Hi Jon,
Please see my inline comment
Regards,
Hoang
*From:* Jon Maloy <jma...@redhat.com>
*Sent:* Friday, May 29, 2020 11:11 PM
*To:* tipc-discussion@lists.sourceforge.net; tipc-dek
<tipc-...@dektech.com.au>; Tuong Tong Lien
<tuong.t.l...@dektech.com.au>; Xin Long <lucien....@gmail.com>; Tung
Quang Nguyen <tung.q.ngu...@dektech.com.au>; Ying Xue
<ying....@windriver.com>
*Subject:* Fwd: Re: FW: [PATCH 2/2] tipc: update a binding service via
broadcast
Added more recipients.
-------- Forwarded Message --------
*Subject: *
Re: FW: [PATCH 2/2] tipc: update a binding service via broadcast
*Date: *
Fri, 29 May 2020 12:08:02 -0400
*From: *
Jon Maloy <jma...@redhat.com> <mailto:jma...@redhat.com>
*To: *
Hoang Huu Le <hoang.h...@dektech.com.au>
<mailto:hoang.h...@dektech.com.au>, ma...@donjonn.com
<mailto:ma...@donjonn.com> <ma...@donjonn.com> <mailto:ma...@donjonn.com>
Hi Hoang,
See below.
On 5/27/20 6:49 AM, Hoang Huu Le wrote:
Hi Jon,
I got DRAFT version base on your idea (attachment file).

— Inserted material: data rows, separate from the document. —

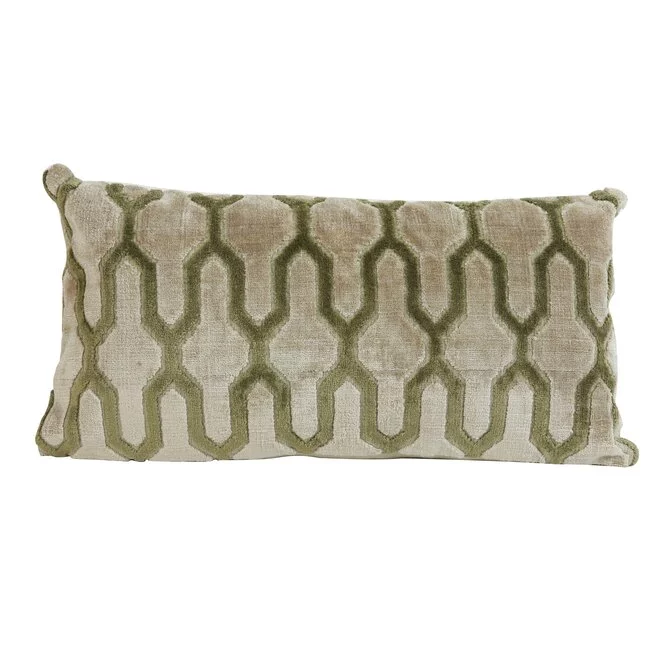 Light en Living Kussen 60x30 cm JEMBANA zand+olijf groen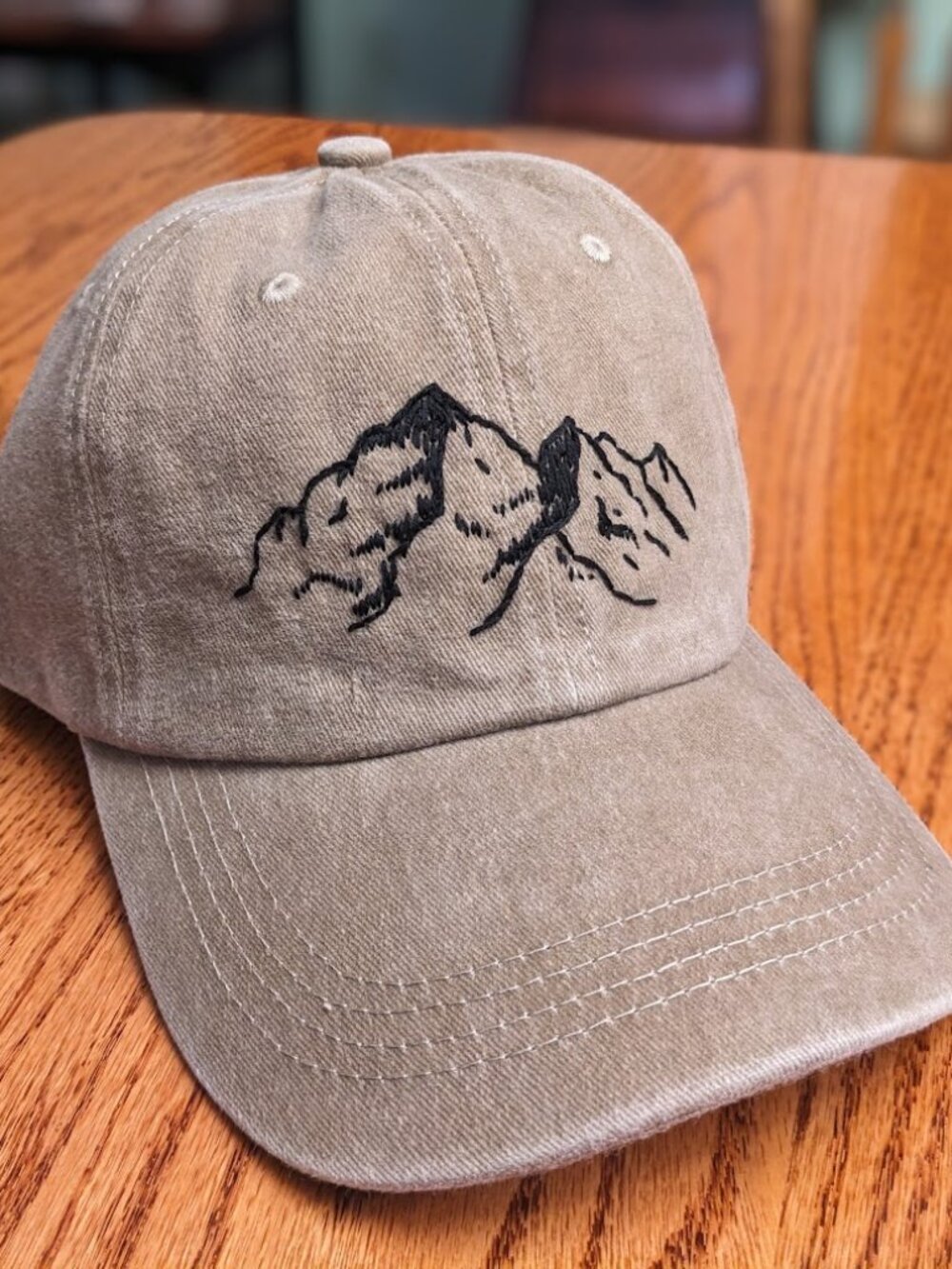 Hand Embroidered Adult Mountain Ball cap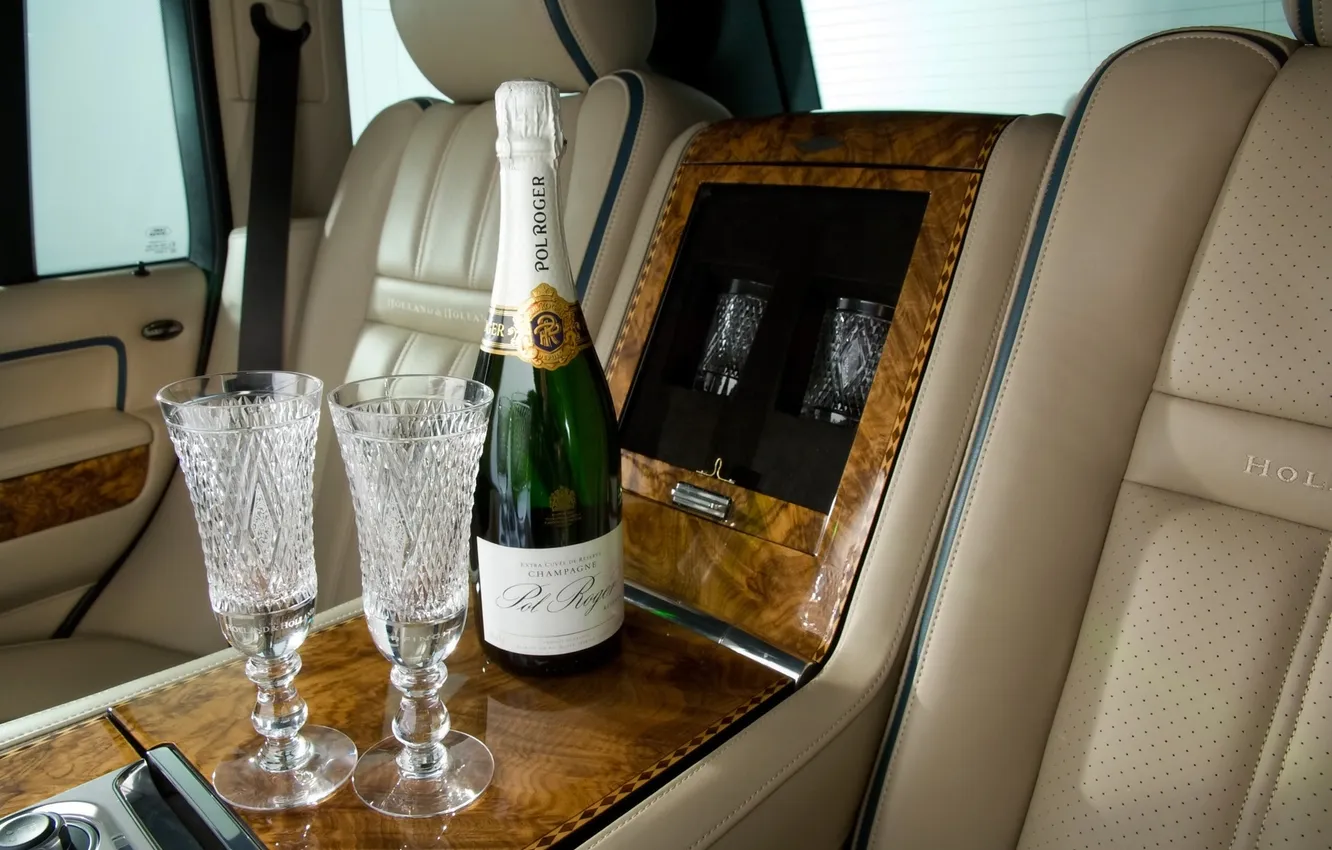 Фото обои бокалы, алкоголь, шампанское, салон, range rover, ренж ровер, ленд ровер, champagne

But from my point, this version introduce too much code
implementation at sending side.
I don't think this is bright idea to keep rcast_list and
bcast_list in the name table.
I think we should find out a new way or just ignore the feature.
Yes, you are right.
I came up with a new idea, to just add a sequence number to the
broadcast/replicast messages and re-order them at reception. This even
handles the case if the first broadcast message arrives before the
first bulk message, something we have not anticipated before.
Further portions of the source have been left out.